* **WHAT TO PRODUCE**:
Reproduce the entire listing exactly as written, apart from its pictures.

* **DATA EXCERPT**:
▬▬▬▬▬▬

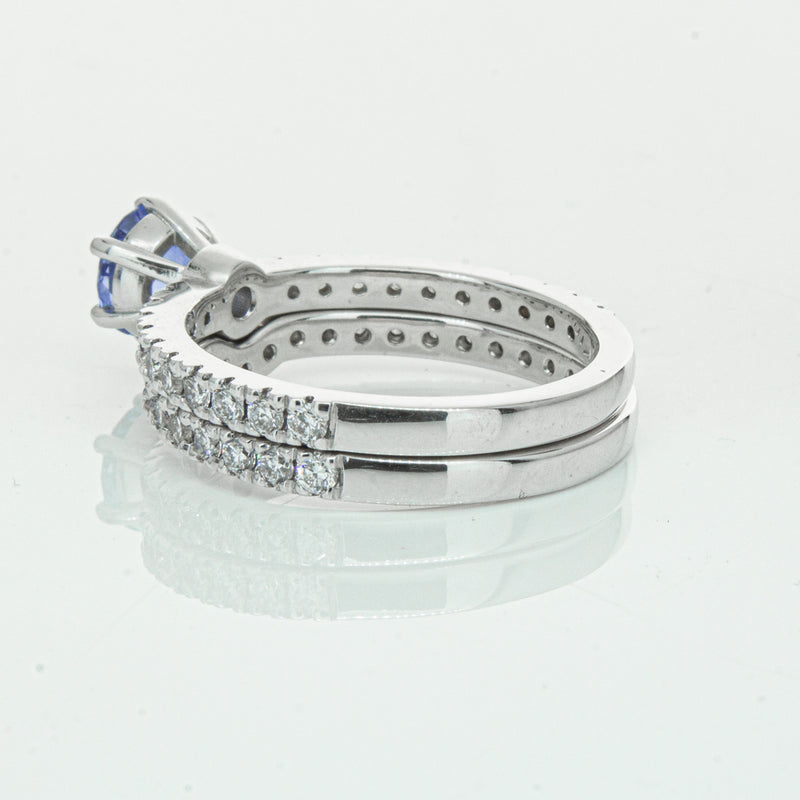 Deja Vu 18ct White Gold Sapphire & Diamond Ring Set-Ring-Walker & Hall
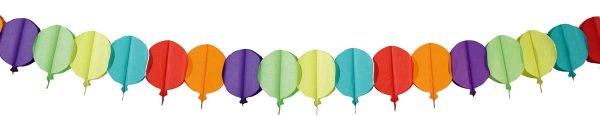 Slinger papier ballon meerkleurig - 6 mtr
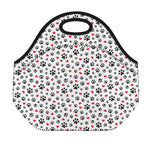 Black Paw And Heart Pattern Print Neoprene Lunch Bag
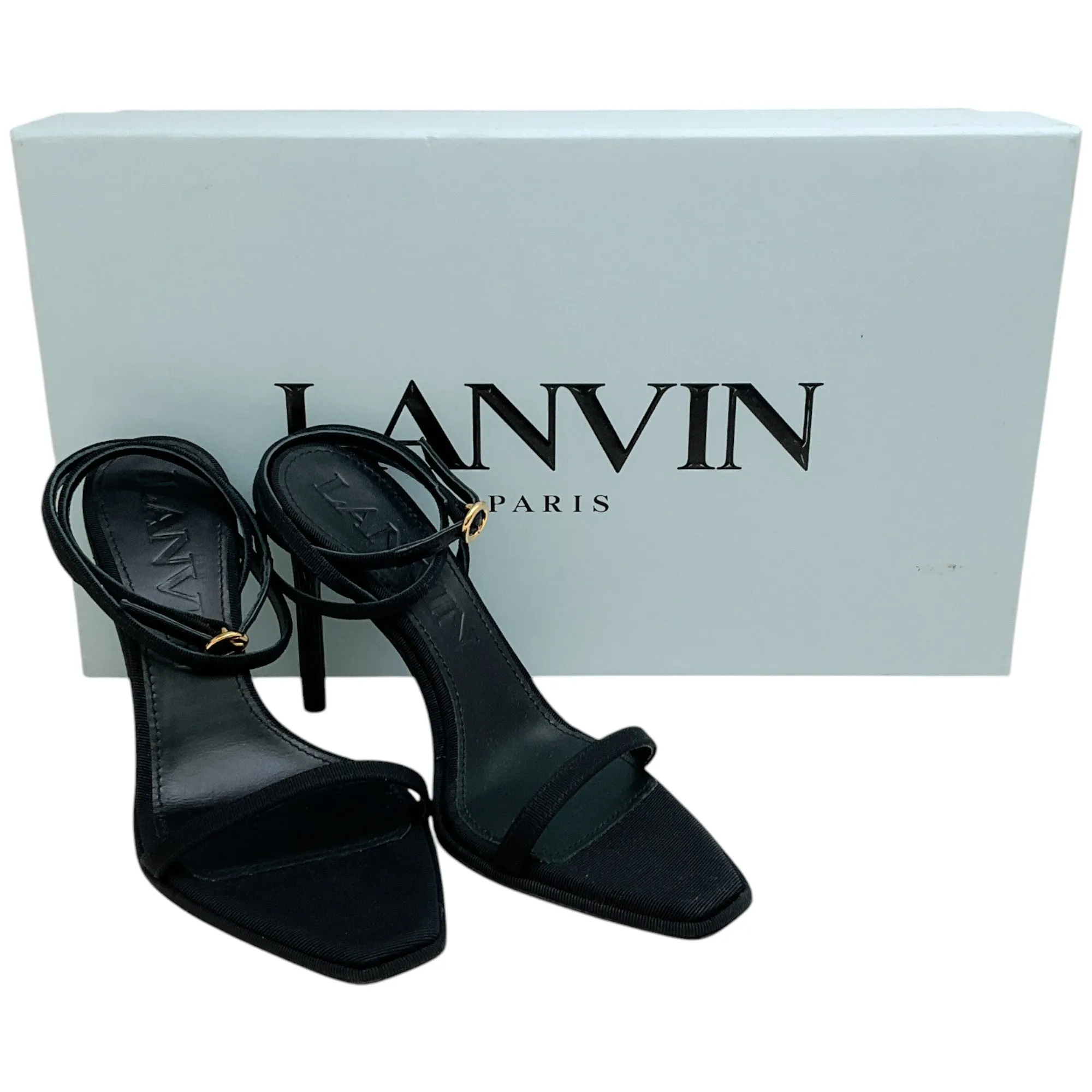 Lanvin Black Grosgrain Elegant Femme Sandals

▬▬▬▬▬▬

* **ANSWER**:
 Deja Vu 18ct White Gold Sapphire & Diamond Ring Set-Ring-Walker & Hall
 Slinger papier ballon meerkleurig - 6 mtr
 Black Paw And Heart Pattern Print Neoprene Lunch Bag
 Lanvin Black Grosgrain Elegant Femme Sandals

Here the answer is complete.